● **Data below**
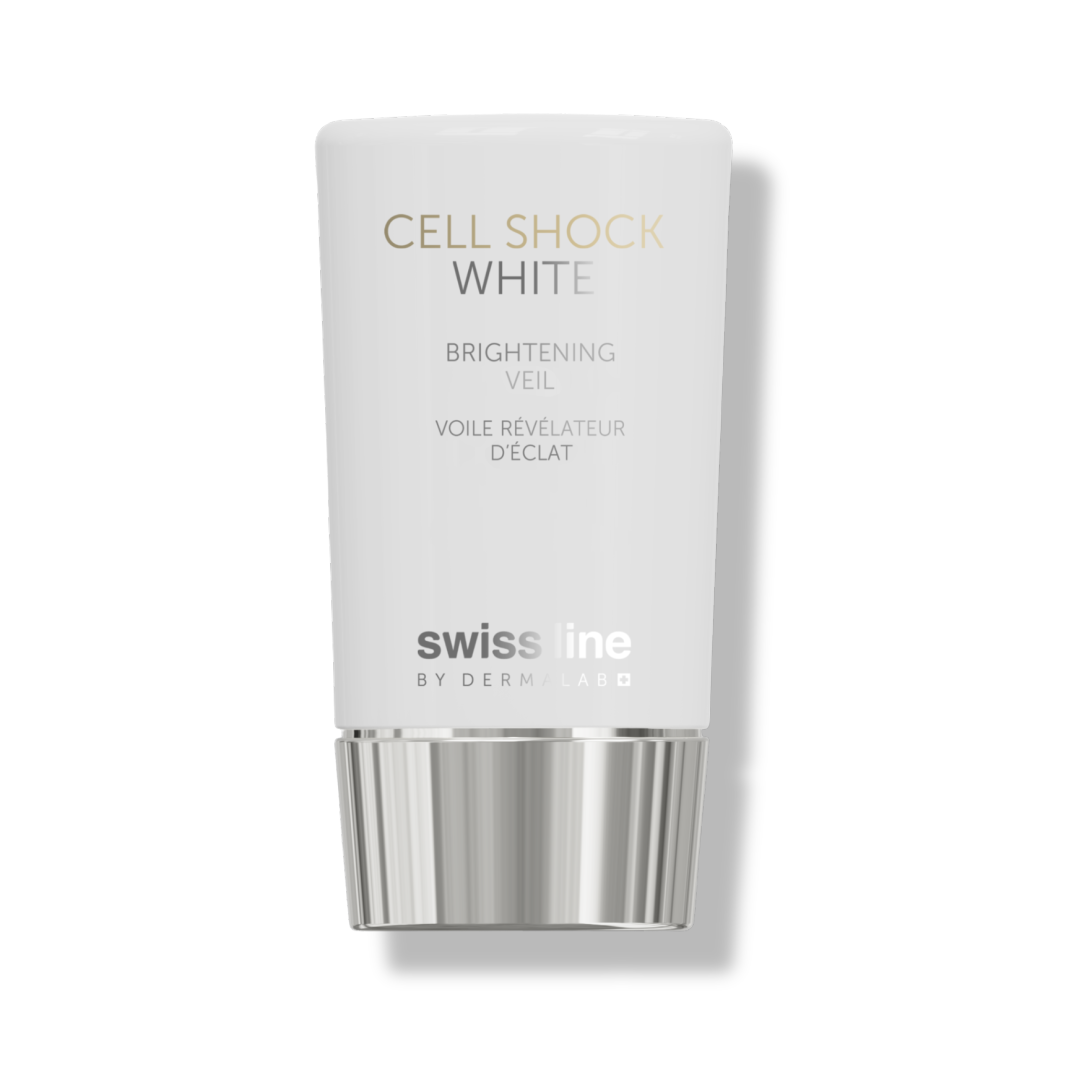 Swiss Line Cell Shock White Voile Révélateur d'Éclat Bi-Phase SPF 45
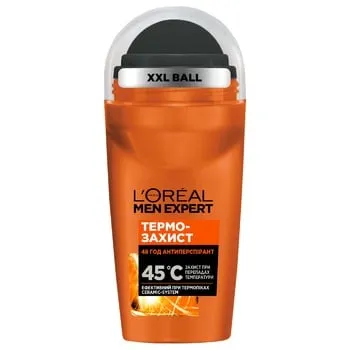 Антиперспірант кульковий L'Oreal Paris Men Expert Термозахист 50мл - Фото 1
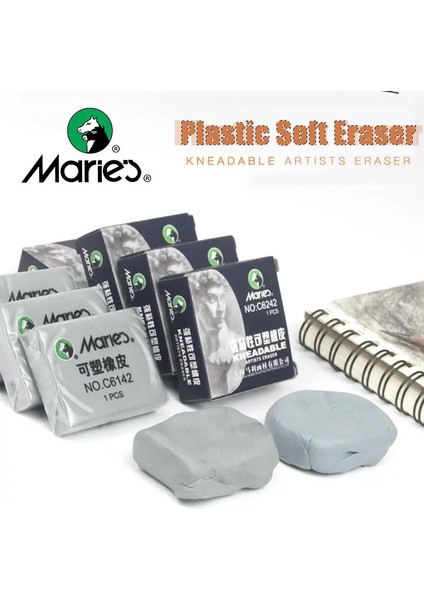 1/3/5pcs Plastikin Silgi Forsketching And Drawing Art Vurgu Öğrenci Softeraser Boyama Tasarım Plastik Kırminal Renk: 5 Pcs (Yurt Dışından)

● **Task to carry out**
Copy out every line above, word for word, minus images.

● **Solution to this task**
 Swiss Line Cell Shock White Voile Révélateur d'Éclat Bi-Phase SPF 45
 Антиперспірант кульковий L'Oreal Paris Men Expert Термозахист 50мл - Фото 1
 1/3/5pcs Plastikin Silgi Forsketching And Drawing Art Vurgu Öğrenci Softeraser Boyama Tasarım Plastik Kırminal Renk: 5 Pcs (Yurt Dışından)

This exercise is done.